De weg naar een emissievrije teelt van potanthurium is lang en kent veel uitdagingen. Bij een warme en vochtige teelt als anthurium blijkt het lastig om latente warmte te oogsten, ook omdat bij ‘normale’ isolatie er te veel ontvochtiging plaatsvindt tegen het kasdek met als gevolg te weinig ontvochtigingsvraag. Ontvochtigen is geen doel op zich, want verdamping gaat wel gepaard met energie-inbreng, maar vochtverlies uit je kasomgeving kan wel tot extra gebruik leiden. We komen in de winter dan ook nog immer warmte tekort. In de periode 15 november-15 april is er een tekort ontstaan van 40 kWh/m2 warmte, 4.5 m3. We zijn nu wel in staat om dit warmtetekort in de zomer te oogsten met onze ontvochtigingsinstallatie, maar dan moet deze warmte wel in een seizoenbuffer (aquifer) worden opgeslagen. Het is vooral dit punt waar voor een volledig fossielvrije invulling van de warmtevraag nog enkele stappen moeten en kunnen worden gemaakt. In het ideaalplaatje ontstaat geen onbalans in warmtevraag en warmteoogst.

Het vervolg
Om de onbalans tussen warmtevraag en warmteoogst te verkleinen, moet de kas nog verder worden geïsoleerd. De meest voor de hand liggende optie om dit uit te voeren is om de kas te verdekken met glas met een hogere isolatiewaarde, zoals glas met een low-e coating. Het materiaal kan de stralingsverliezen van het kasdek verminderen, met als bijeffect nog minder vochtafvoer door condensatie tegen het kasdek. Lampen vervullen in deze teelt een belangrijke rol om gewenste plantopbouw en teeltsnelheid te bereiken. De betrokken ondernemers hebben een duidelijke voorkeur voor een van de geteste spectra uit de synchroon lopende spectrumproef ‘Schaduwlicht voor schaduwplanten’. Een spectrum dat overigens niet eenvoudig met ‘standaard’ producten kan worden gemaakt.

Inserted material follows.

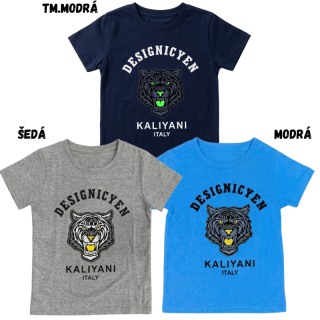 Chl.tričko - krátký rukáv SEZON 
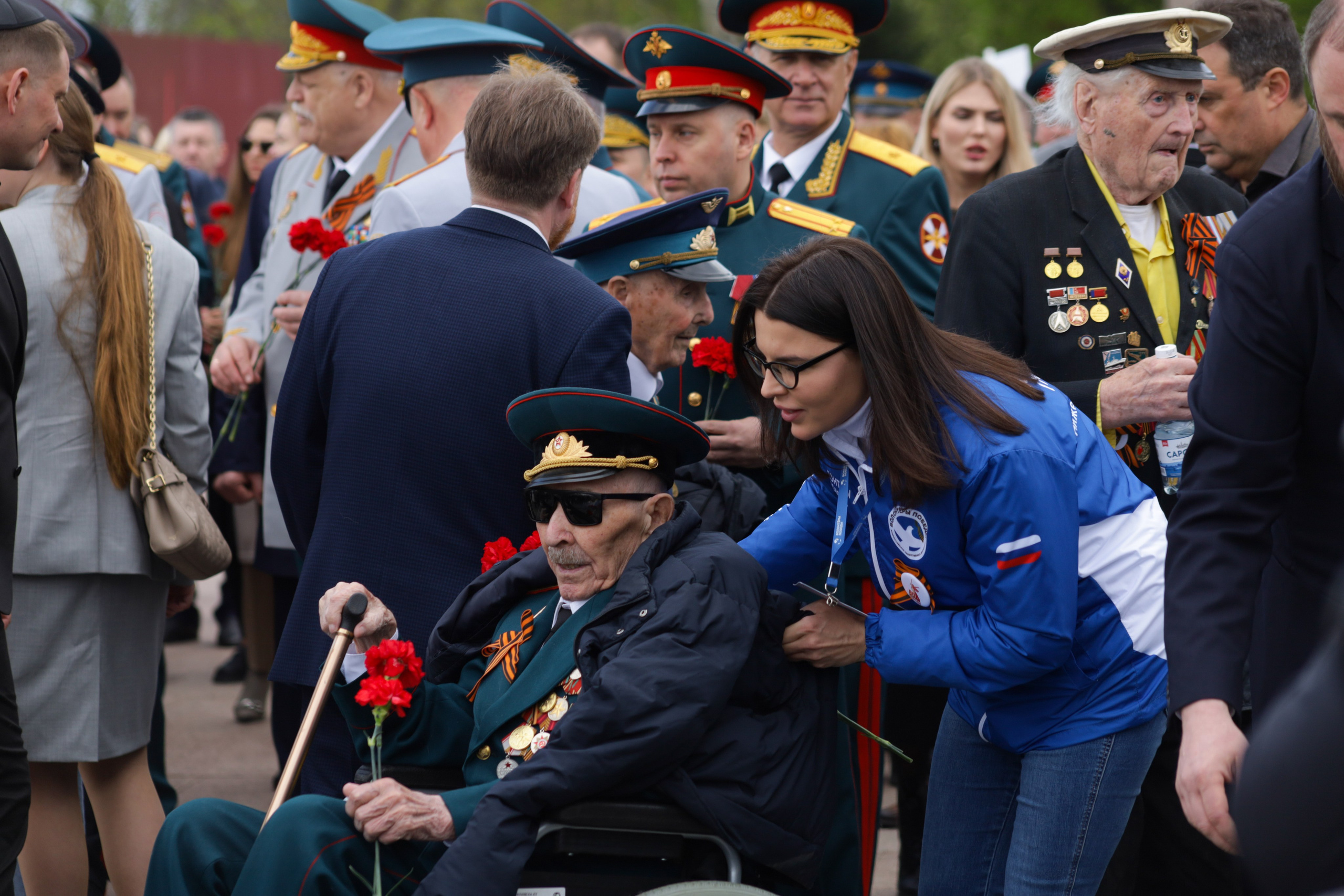 Парад Победы|Нижний Новгород. Фотограф Мурманск | Нижний Новгород • Анна Хижняк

Voor komende winter zijn de belangrijkste aanpassingen het vervangen van het dek door een diffuus glas met low_e coating en in twee kwarten het spectrum van de lampen aanpassen. Daarnaast zal samen met de BCO een scherpe klimaatstrategie worden opgesteld en doorgevoerd. Daarbij moet worden gedacht aan het nog minder (liefst niet) gebruiken van het bovennet. Bij een warmtevraag die niet met de onderbuis is op te vangen, de kasluchttemperatuur iets laten zakken (tot 15 oC of zelfs nog iets lager) en als de lampen aan zijn, op typische dagen met hoge warmtevraag het donkerdoek bewust dicht houden. Onderzoekers willen wel vasthouden aan een lichtperiode van maximaal 12 uur.
Als dan volgend jaar rond deze tijd de balans wordt opgemaakt hopen zij het warmtegebruik van de kas onder de 75 kWh/m2 (8.5 m3/m2 aardgaseq.) te hebben gebracht. Dan moet het mogelijk zijn om met rond de 90 kWh/m2 elektriciteit, waarvan een kleine 70 kWh/m2 voor de lampen, een duurzame,fossielvrije potanthuriumteelt met een goede productie qua plantvorm en snelheid te hebben afgerond. Daarvoor zijn dan wel een warmtepomp, actieve ontvochtiging en bij onbalans een aquifer of andere vorm van seizoensopslag noodzakelijk. Alle benodigde stroom moet dan wel een groene oorsprong hebben.